2022年から段階的に適用されている年金改革により、いわゆる「106万円の壁」が実質的に撤廃され、短時間労働者にとっても厚生年金の加入が義務化されるケースが増えています。本記事では、週20時間労働を基準とした新たな加入要件と、それによる影響についてわかりやすく解説します。
厚生年金加入の対象が拡大された背景
厚生年金の加入対象が広がった背景には、高齢化による年金財政の安定化と、非正規労働者の老後保障を充実させる目的があります。これまでは週30時間以上の勤務が加入要件でしたが、現在は以下の5つの条件をすべて満たす場合、厚生年金への加入が必要です。
- 週の所定労働時間が20時間以上
- 月額賃金が8.8万円以上
- 勤務期間が2か月超の見込み
- 学生でない
- 従業員101人以上の企業(2024年10月からは51人以上)
この条件に該当するパートやアルバイトも、原則として厚生年金と健康保険に加入する義務があります。
週20時間未満なら加入義務はなし?
この制度設計により、「週20時間未満なら加入しなくて済むのでは?」と考える方も少なくありません。実際、勤務時間が明確に20時間を下回るように調整すれば、現行制度上は加入義務は発生しません。
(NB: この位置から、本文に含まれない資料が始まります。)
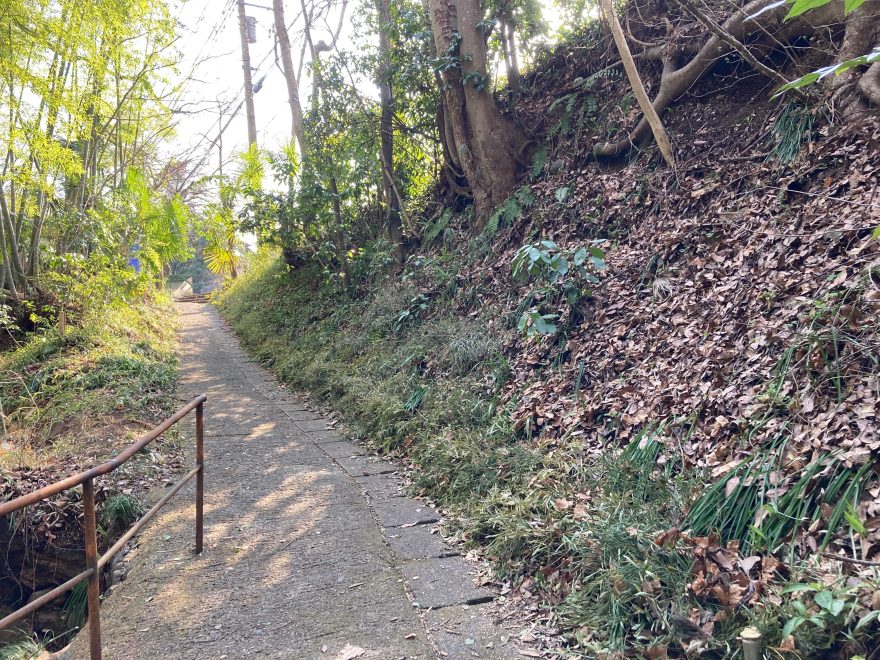 斜面の際に、笹の土留めが入っています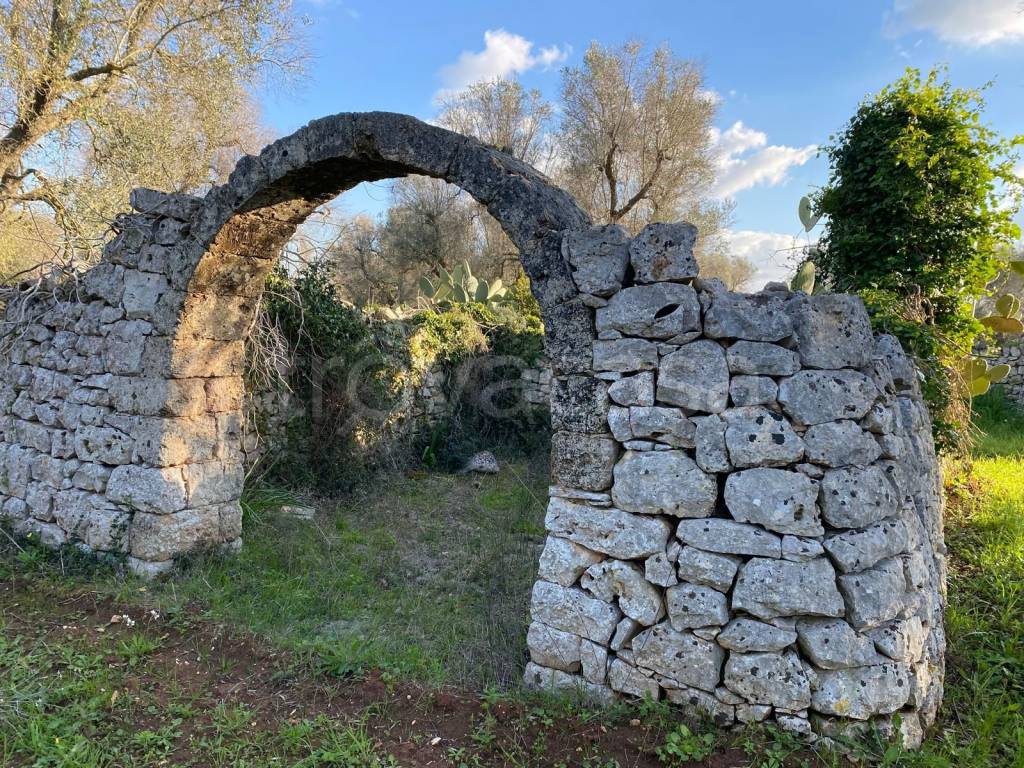 immagine annuncio 3 di 14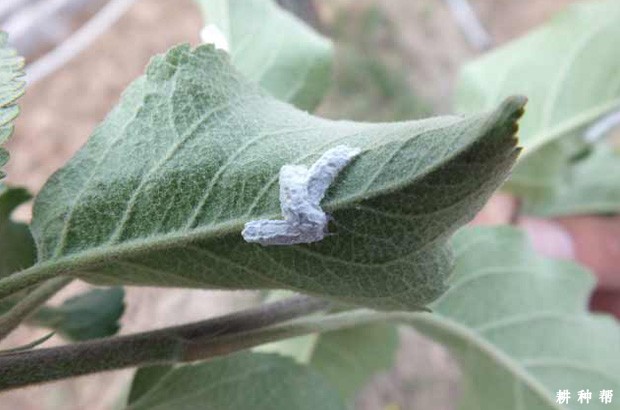 柿长绵粉蚧怎样防治？附图片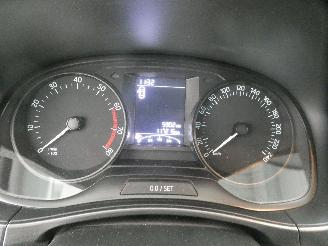 Skoda Fabia ACTIVE picture 14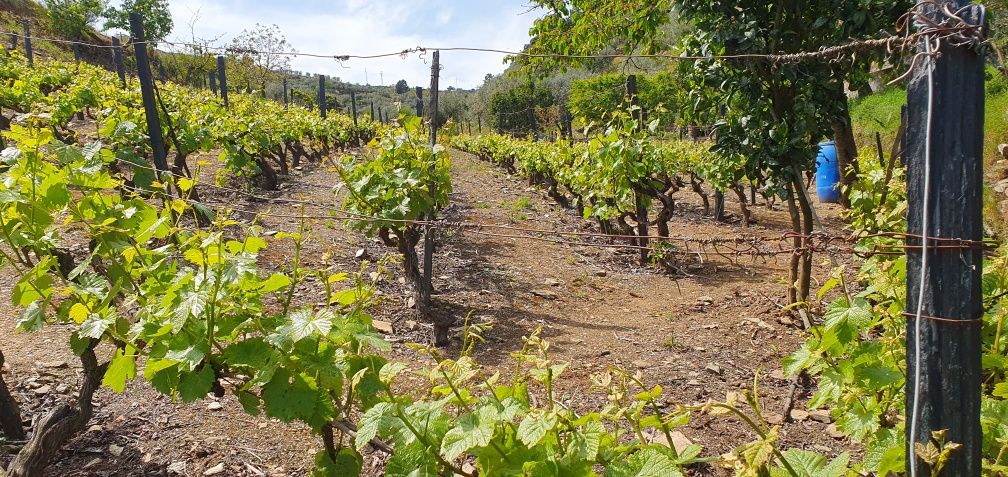 Vinha no Douro para venda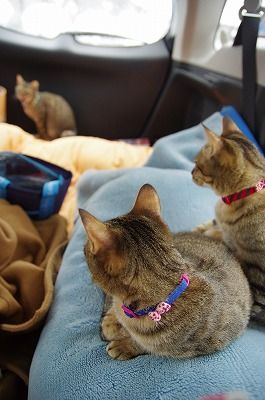 猫と雪を見にいくドライブ キジトラ猫の３姉妹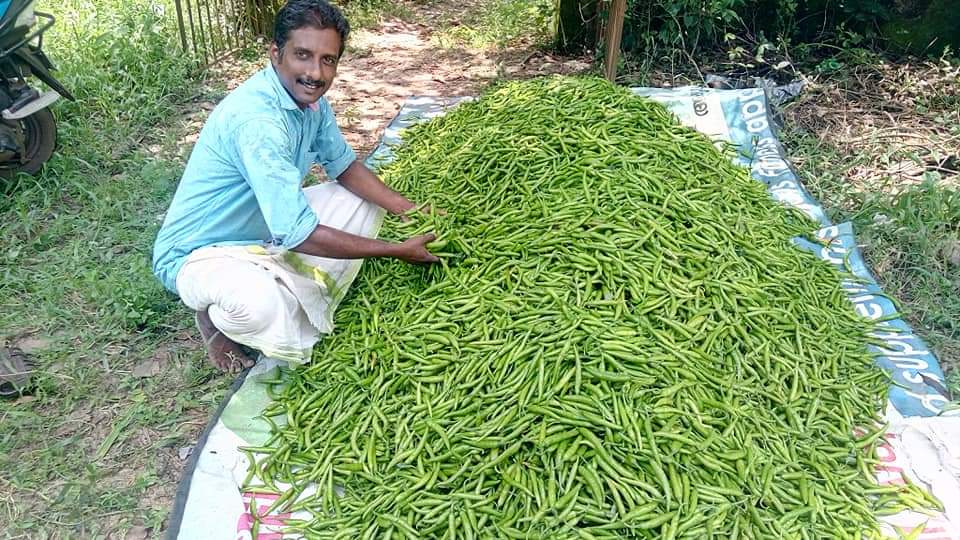 harvesting peas from marari fresh farm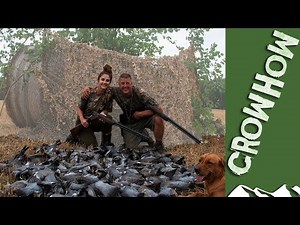 Hannah Gibson hits the pigeons - Crowhow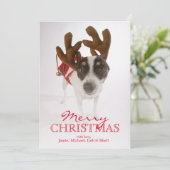 Cartes Pour Fêtes Annuelles Chien avec les andouillers et la Bell (Debout devant)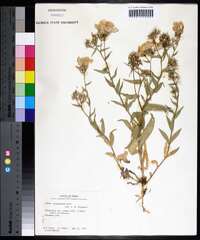 Phlox drummondii image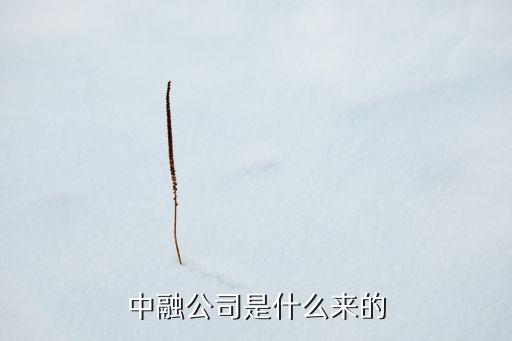 中融公司是什么來的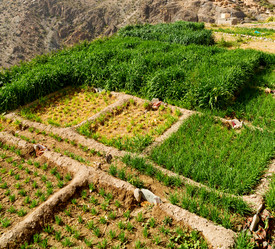 Similar image 11072870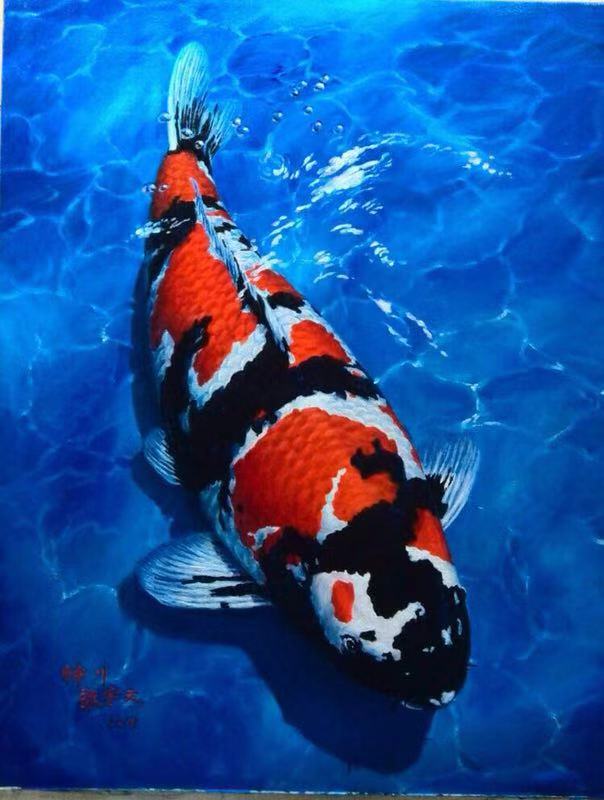 渔友张哥小视频,新鱼缸养锦鲤鱼正确的方法和技巧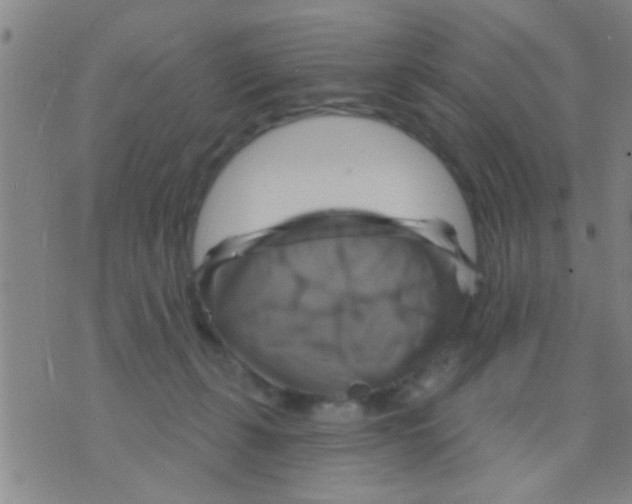 X0000075900271200610151823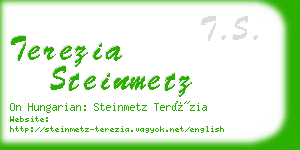 terezia steinmetz business card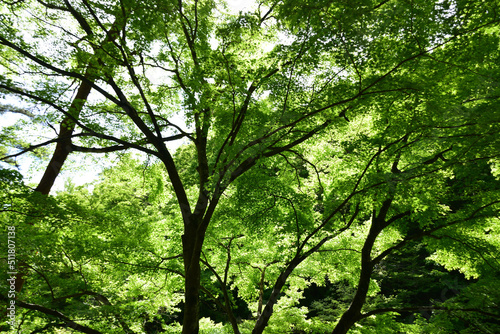 緑の木々 © LEPANNEAU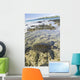 USA, Green Sea Turtle Endangered Species Wall Mural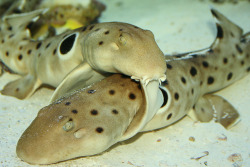 shark-ray:  i think every once in a while, shark week should do some specials on smaller and equally amazing sharks. like these epaulette sharks!  Hemiscyllium ocellatum  PRECIOUS BABIES.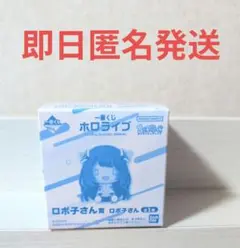 いちぞん様 リクエスト 2点 まとめ商品(箱あり)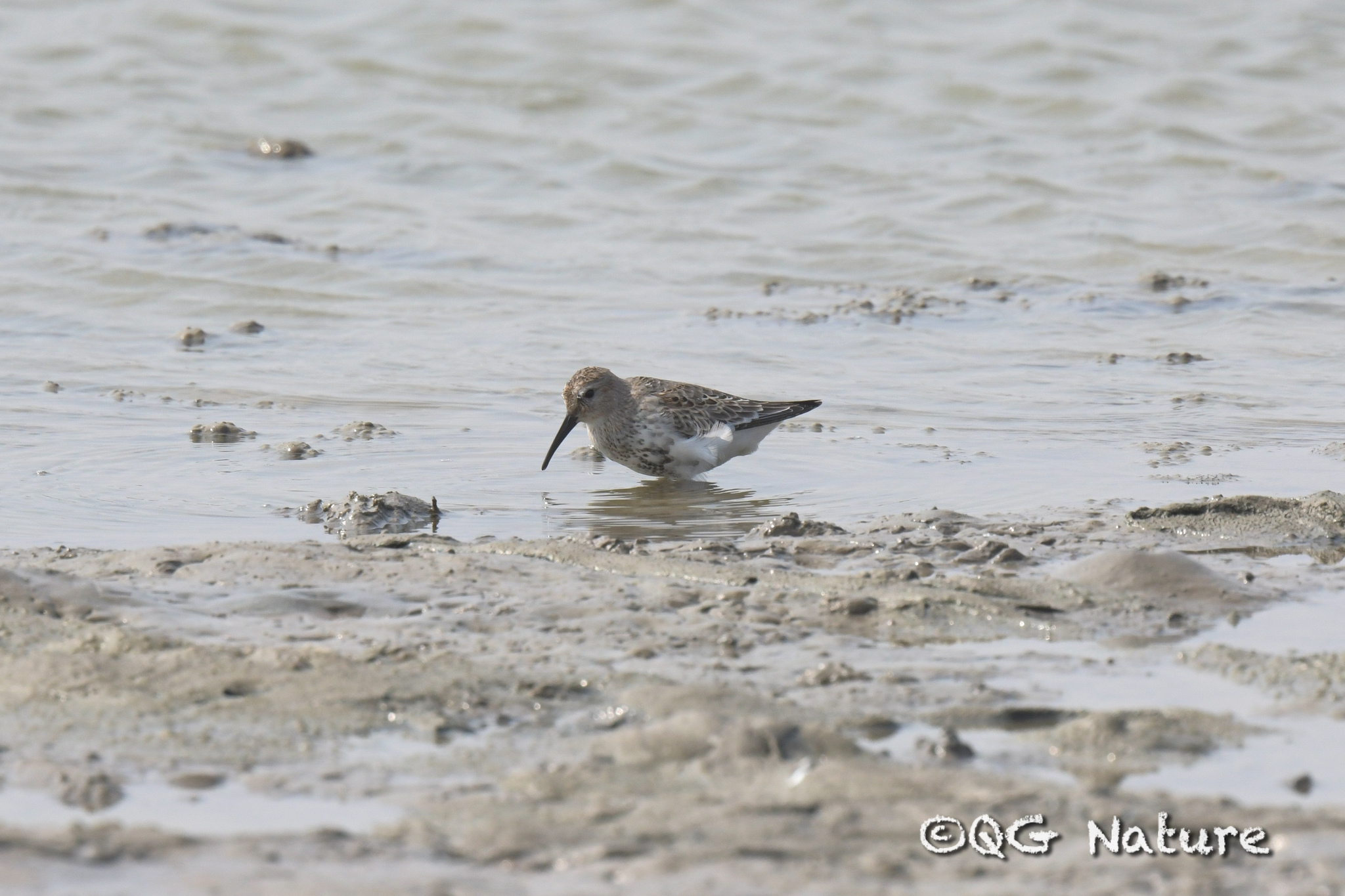 Dunlin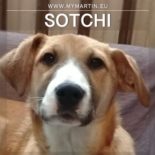 Sotchi
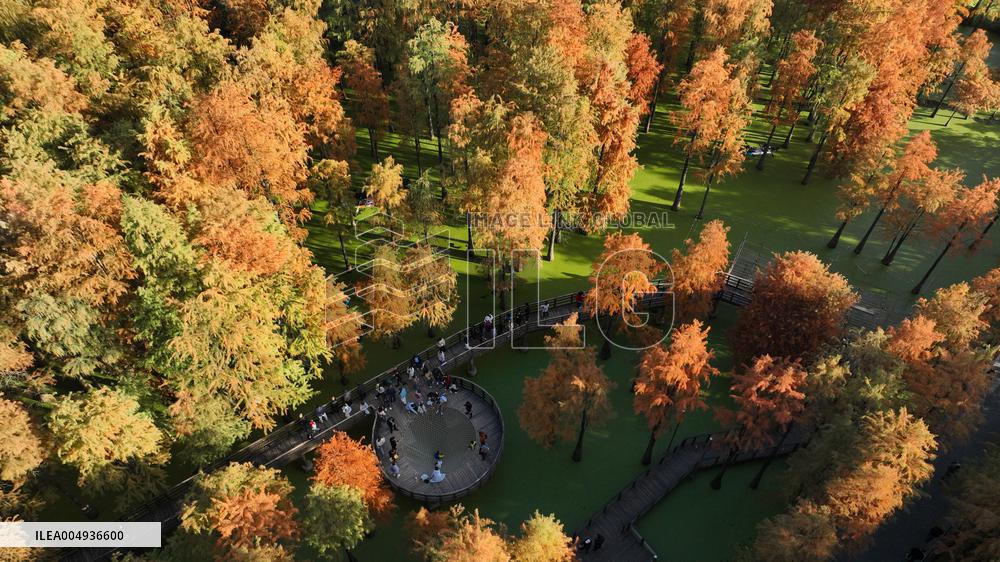 Tourists Visit The Qingshan Lake - China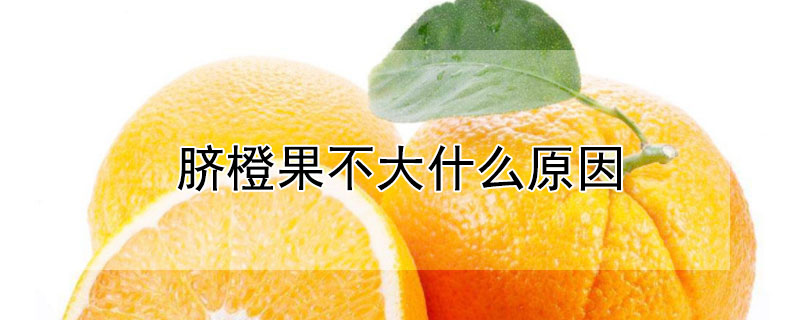 脐橙果不大什么原因（脐橙果子长不大是什么原因）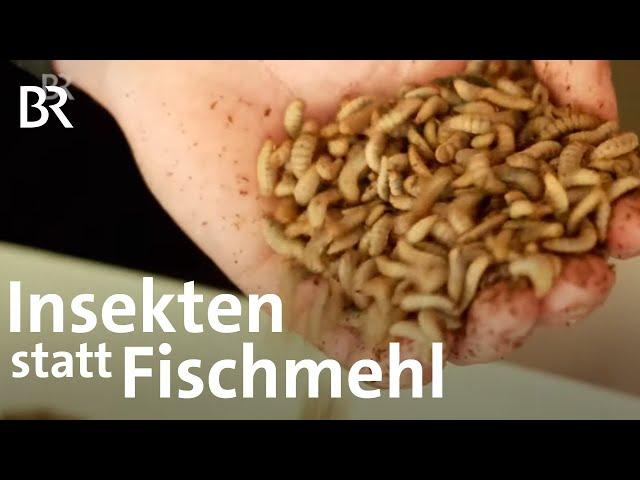 Zukunft der Fischzucht? Insekten statt Fischmehl als Futter | Schwaben + Altbayern | BR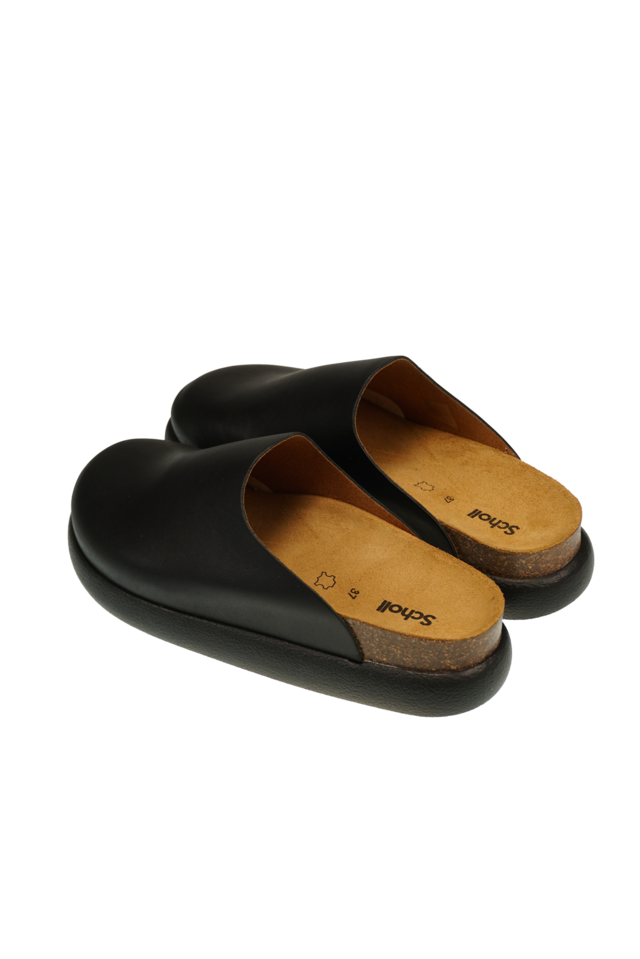 Ivy 2.0 black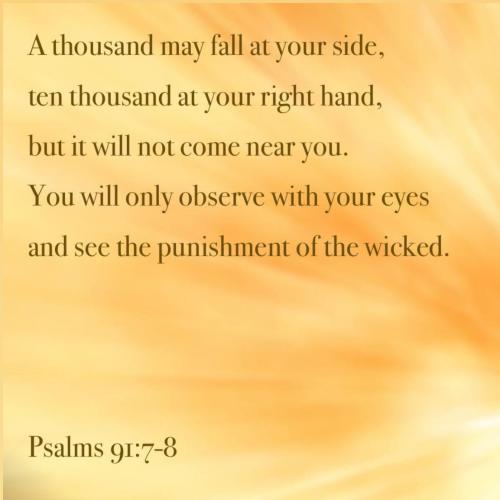 IMG_20211223_170941_713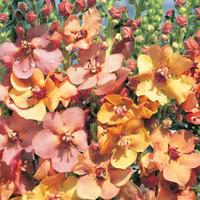 verbascum x hybrida southern charm 6 verbascum plug plants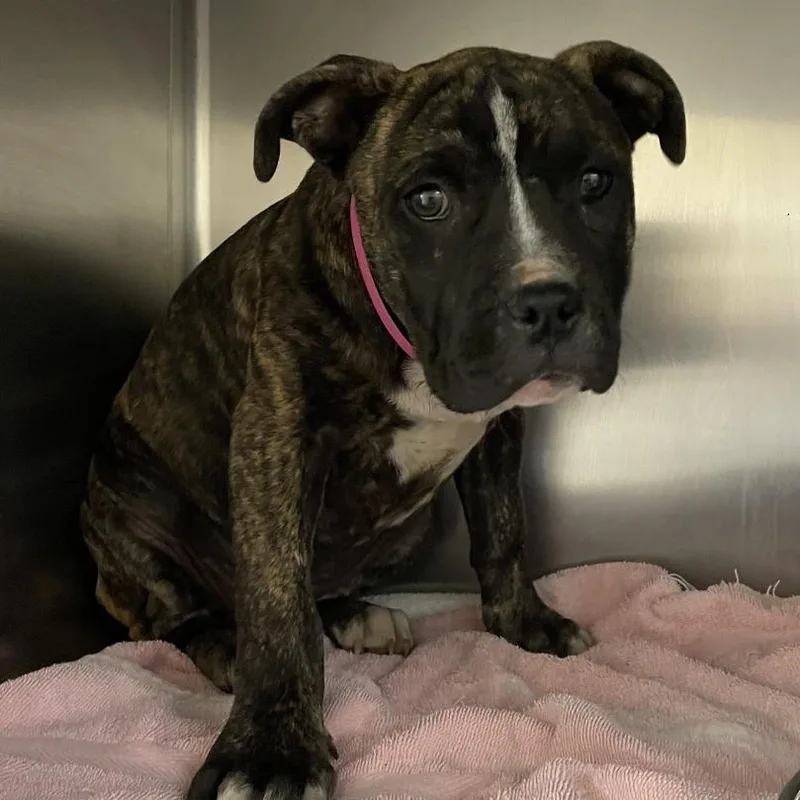 A baby medium-sized female Brindle Mixed Breed dog named Drum Stick for adoption in Chattanooga, TN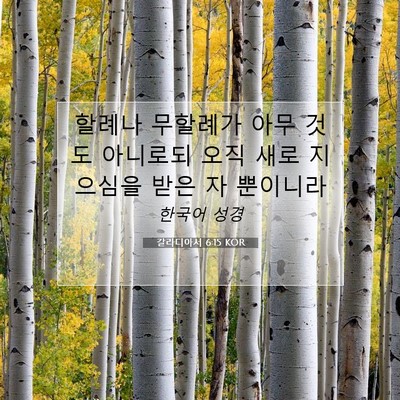Picture 07 - 갈라디아서 6:15 KOR - 할례나 무할례가 아무 것도 아니로되 - Bible Verse Picture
たとえば、週5日勤務で1日4時間(合計20時間)の契約だった場合、1日1分ずつ早く退勤して1日3時間59分にすれば、週合計19時間55分となり、形式上は加入要件を満たさなくなる可能性があります。
注意すべきは「実態」と「形式」のズレ
しかし、形式的に19時間59分にしても、実際の労働実態が週20時間を超えていれば、年金機構や労働基準監督署から指摘を受けるリスクがあります。
また、会社側が故意に加入回避のために契約変更する行為も、法的には問題となる可能性があり、労使双方の責任が問われる場合もあります。
厚生年金に加入すると本当に損なのか?
短期的には、手取りが数千円~1万円程度減少する可能性はありますが、将来的な年金受給額の上乗せや、障害年金・遺族年金などの保障も充実します。
特に国民年金(基礎年金)のみの老後生活はかなり厳しいため、厚生年金を通じて上乗せ部分があることは長期的に見ると重要です。しかも保険料は労使折半であり、全額自己負担の国民年金よりもコストパフォーマンスが高いといえます。
会社との相談と対応策の検討
制度変更により、不本意に加入対象となってしまう場合は、勤務時間や給与の調整を会社と相談することも可能です。ただし、労務管理の観点からも、「形だけの調整」は避けるのが無難です。
勤務形態の見直しや、生活設計とのバランスを考慮して、長期的な視点で判断することが推奨されます。
まとめ:新制度を理解し、働き方を主体的に選択しよう
厚生年金の適用拡大は、短期的には手取り減少というデメリットがありますが、長期的な老後保障を強化する制度改革でもあります。週20時間未満に調整することで加入を回避することは制度上は可能ですが、実態に基づいた対応が求められます。
働く時間や所得、将来のライフプランを踏まえ、自分にとって最善の選択をするためにも、制度への正確な理解が欠かせません。